Mr. Peebles is one of the most accomplished musical talents currently performing in the St. Louis area music scene. The “Talking Sax” produces a captivating sound on the tenor saxophone, which showcases his unique combination of passion, talent, and ability to entertain no matter the style of music.
Eugene has studied classical, jazz, Dixieland, and contemporary music. A standout in his high school concert and marching bands, he honed his skills as a saxophonist and organist at his church home, the Devotional Missionary Baptist Church in Kinloch, Missouri, which at that time had one of the most sought-after choirs and musician rosters in all of St. Louis. In 1982, Mr.
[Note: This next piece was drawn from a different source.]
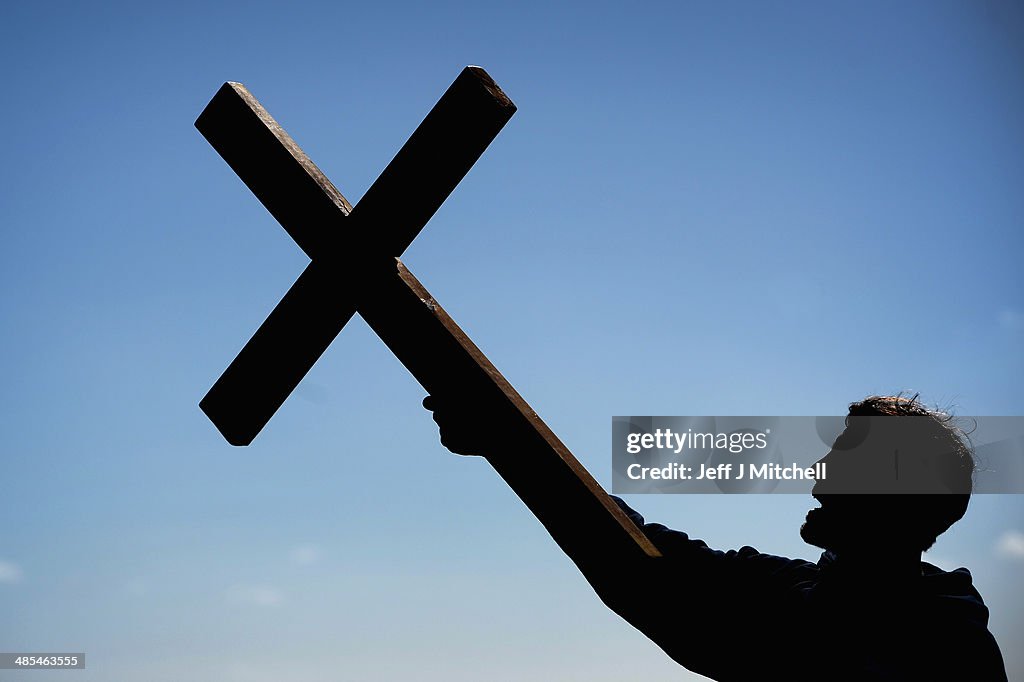 Pilgrims From Across The UK Carry Crosses To Holy Island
Peebles accepted a college scholarship and ultimately earned his bachelor’s degree in business from Central Methodist in Fayette while performing with the college jazz and concert bands.
A well-rounded and highly experienced musician, some notable performances include opening for gospel artists such as John P. Kee, The Williams Brothers, Angela Spivey, and the Mississippi Mass Choir. He also performed at home games for the St. Louis Cardinals and St. Louis Blues. He has also opened numerous NBA and WNBA games with the national anthem. The “Talking Sax” was also featured on Black Entertainment Television’s “Bobby Jones Concert” in St. Louis.
Mr. Peebles was honored to perform for military personnel at Beale Air Force Base in California. He is a member of The State of Missouri Gospel Announcers Guild affiliate of The Gospel Music Workshop of America.
Rev. Clyde L. Ruffin accepted the call to the ministry at the age of five and preached his initial sermon shortly thereafter. He was officially licensed as a minister of the gospel in the fall of 1970. That year, he entered the University of Iowa and earned undergraduate and graduate degrees in Speech and Dramatic Arts. In 1976, he was appointed Assistant Professor at Washington University- St. Louis.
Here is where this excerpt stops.